Summary
In Pinto v. Pinto (260 A.D.2d 622, 688 N.Y.S.2d 701 [2 Dept., 1999]), the Appellate Division held that granting the ex-wife one hundred (100%) percent of property listed on the parties' statement of net worth in the event the ex-husband did not deliver a Get within a specified time period was not an improvident exercise of discretion.
Summary of this case from Mojdeh M. v. Jamshid A.Opinion
April 26, 1999
Appeal from the Supreme Court, Nassau County (Friedenberg, J.H.O.).

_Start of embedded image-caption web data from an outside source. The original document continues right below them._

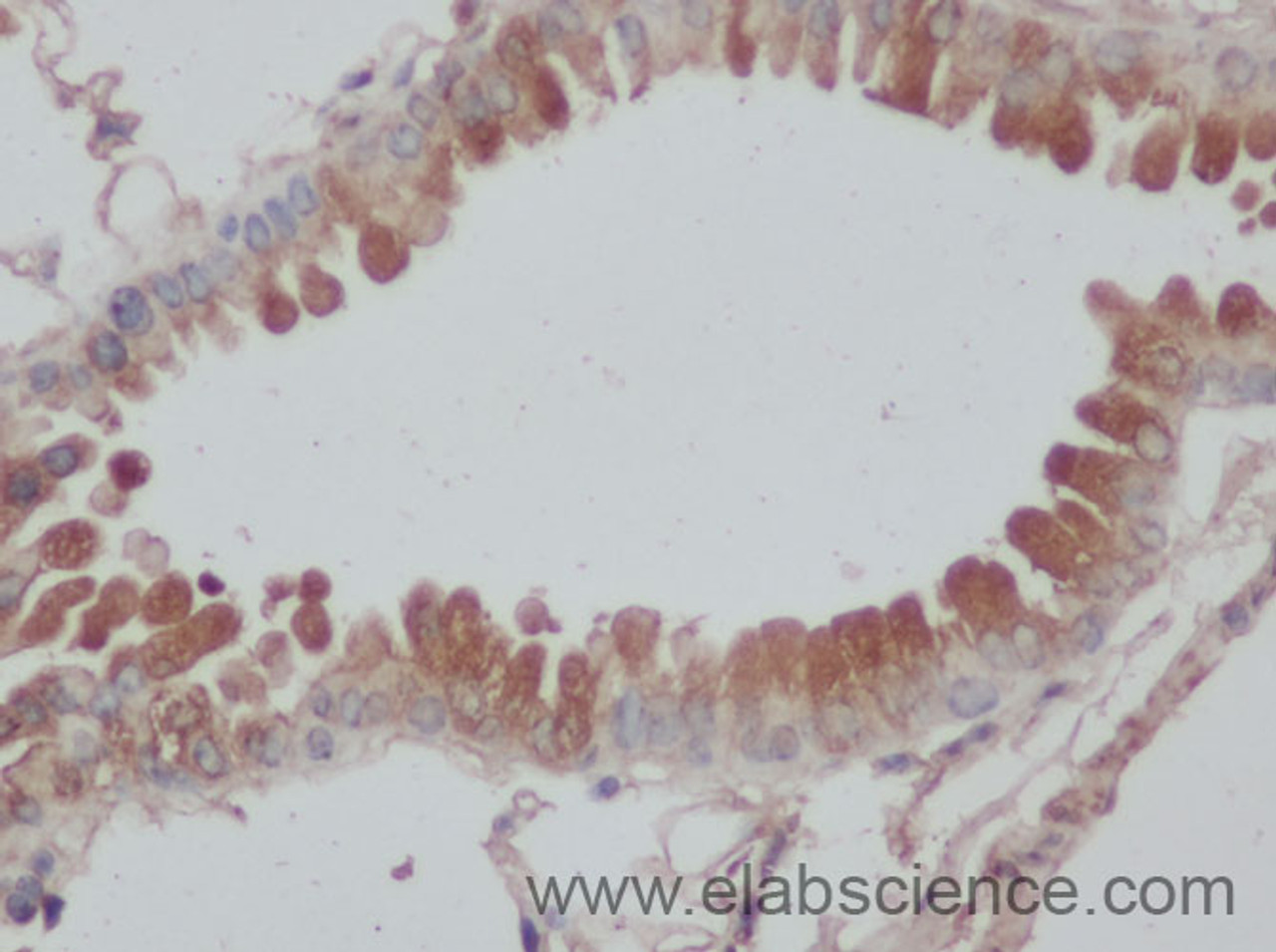 Immunohistochemistry of paraffin-embedded Rat lung using DNAL1 Polyclonal Antibody at dilution of 1:50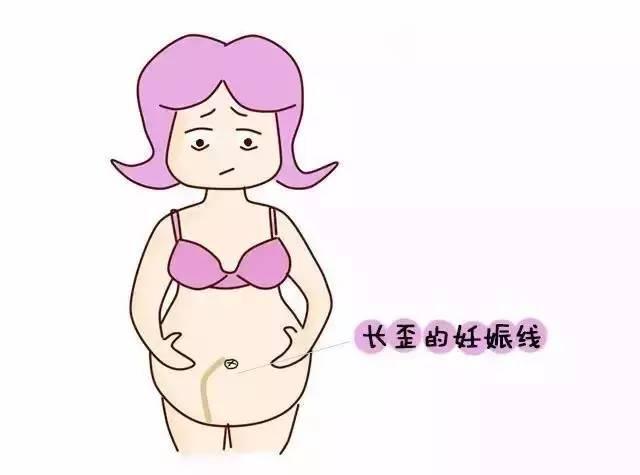 90%的女性在怀孕后,肚子上都会出现这条"神秘"的竖线,它穿越肚脐,把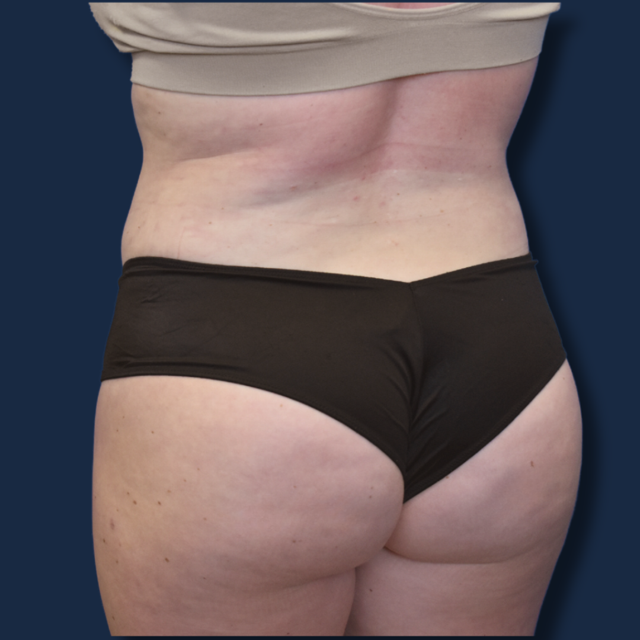 Liposuction after at The Surgeonista - Gina Maccarone MD, FACS in Cincinnati, OH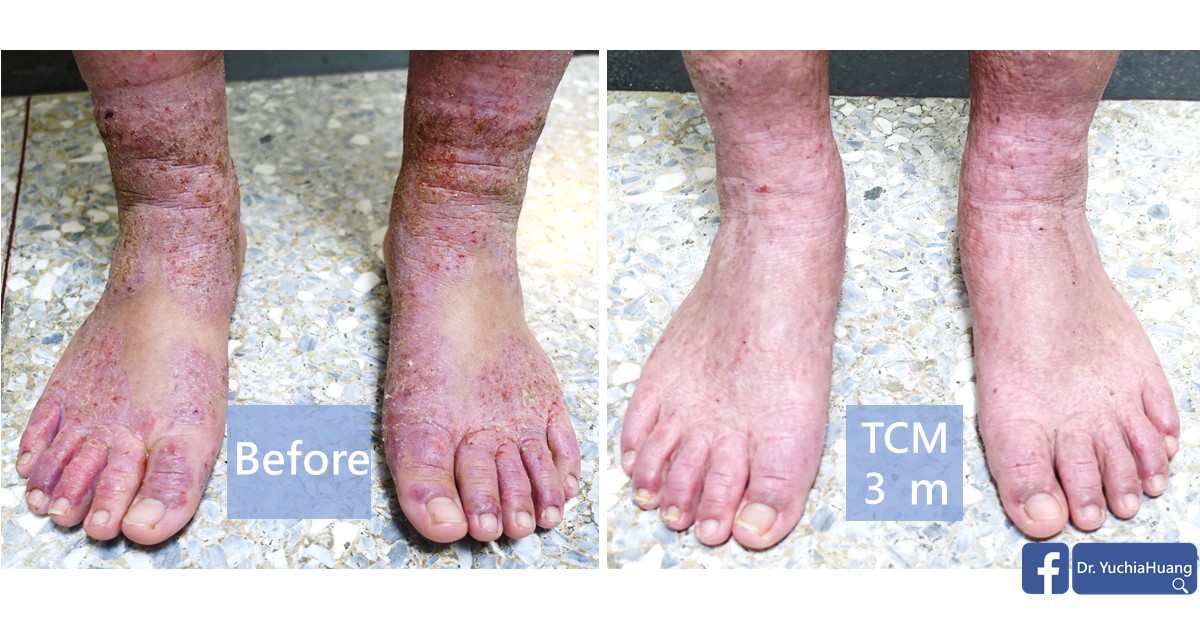 Before-and-after photos of both feet and ankles, labelled “Before” and “TCM 3 months”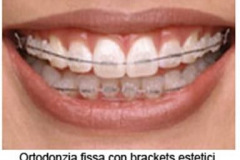 1_0002-ortotradizionale2_dentista_centra_mestre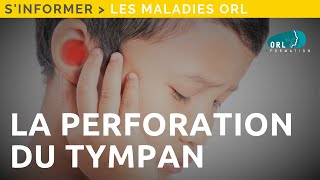 Perforation du tympan  Information patient [upl. by Geldens208]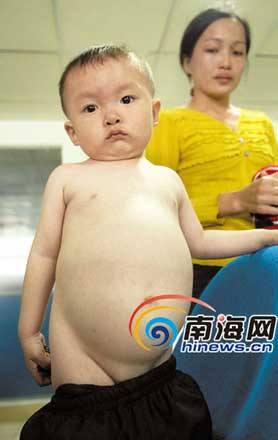 南海网2月28日消息:2岁半的小男孩秦亚弟总是叫着肚子疼,他吃饭比
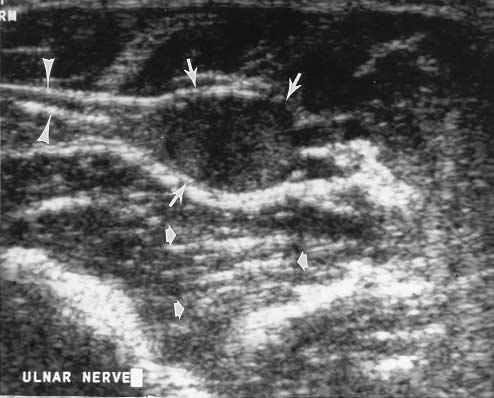 Figure 3 Small field of view longitudinal sonogram of the posterior right thigh shows numerous conglomerate lobulated masses, each demonstrating the target sign (arrows) appearance.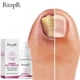thumbnail image 1 of Rtopr Ginger Nail Treat Ment Nail Toe Repair 10ml, 1 of 5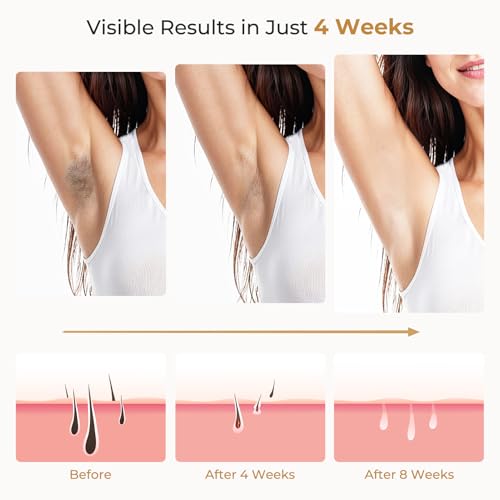Deplite 21J Epilatore Luce Pulsata con Funzione di Raffreddamento, Epilatore Laser indolore per Donna e Uomo, 9 Livelli di Energia, 999,900 Flashes Luce Pulsata IPL per, Corpo, Ascelle, Bikini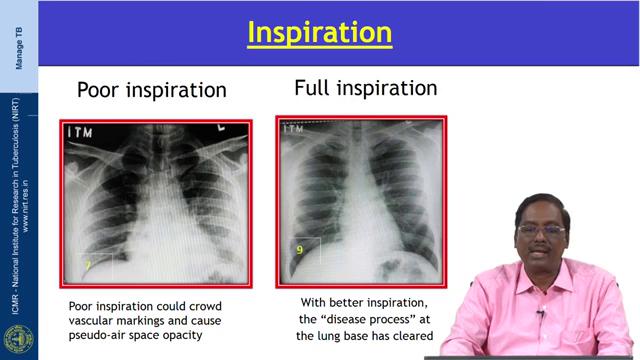 To assess the degree of inspiration, we have to count conventionally the rib from top to bottom; in a normal X-ray you should be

Ordered that the judgment is affirmed insofar as appealed from, with costs.
Contrary to the defendant's contention, the court did not improvidently exercise its discretion in granting the plaintiff title to all of the assets listed on both of their statements of net worth if he did not deliver a religious divorce known as a Get to the plaintiff within a specified time period ( see, Schwartz v. Schwartz, 235 A.D.2d 468).
Since the defendant agreed that a determination regarding counsel fees could be made upon the affirmation of services, the court was not required to hold a hearing on this issue ( see, Mancuso v. Mancuso, 178 A.D.2d 584; Dawson v. Dawson, 152 A.D.2d 717; Kandel v. Kandel, 129 A.D.2d 617; Janousek v. Janousek, 108 A.D.2d 782). Moreover, the amount of the counsel fee award was not an improvident exercise of discretion ( see, Domestic Relations Law § 237 [a]; Weiss v. Weiss, 213 A.D.2d 542; Levine v. Levine, 179 A.D.2d 625).

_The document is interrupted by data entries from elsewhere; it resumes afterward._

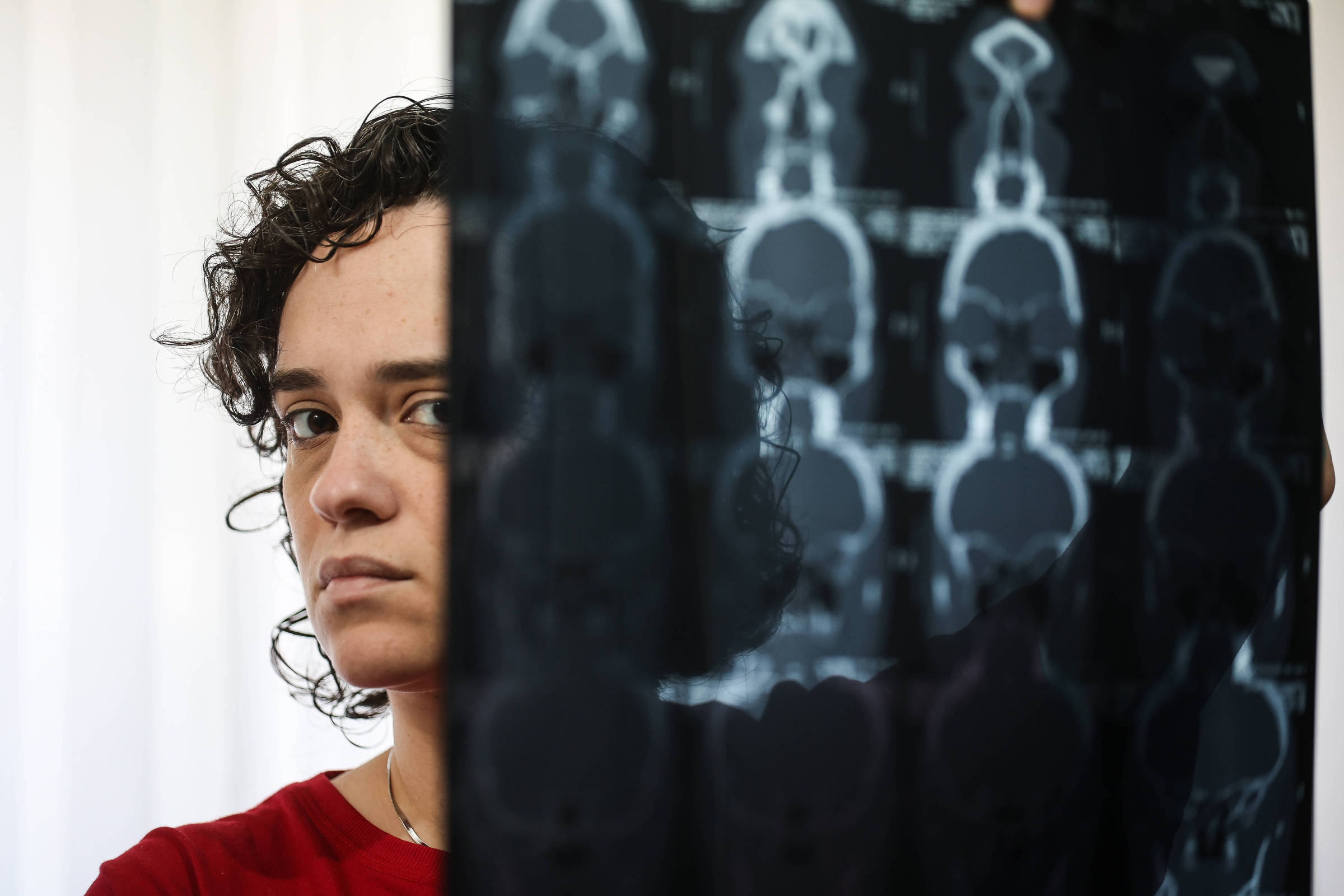 Síndrome da fadiga crônica: desafios no diagnóstico e a luta por reconhecimento no Brasil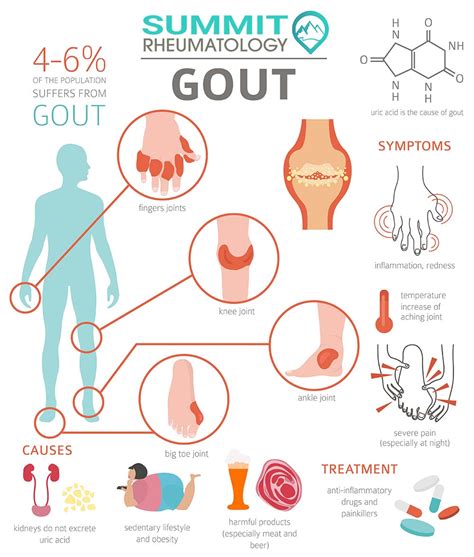 What Helps With Gout Pain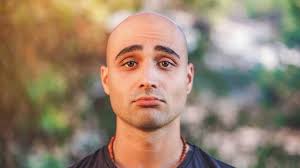 Women too are more likely to lose hair if they have a family history of hair loss. Hair Loss Why It S Happening To Millennials
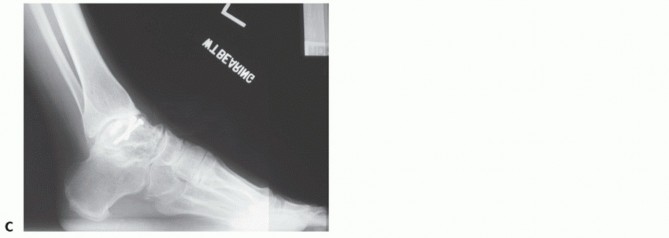 Illustration 5 for Unlock Stability: Medullary Nail Fixation for Tibiotalocalcaneal Arthrodesis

Under the circumstances of this case, the court did not improvidently exercise its discretion in denying the defendant's request for an adjournment of the trial ( see, Matter of Anthony M., 63 N.Y.2d 270; Ortolani v. Town of Hempstead, 256 A.D.2d 451; Brown v. Data Communications, 236 A.D.2d 499; Boxwill v. Boxwill, 158 A.D.2d 642).
The defendant's remaining contentions are without merit.
Bracken, J. P., Sullivan, Friedmann and Florio, JJ., concur.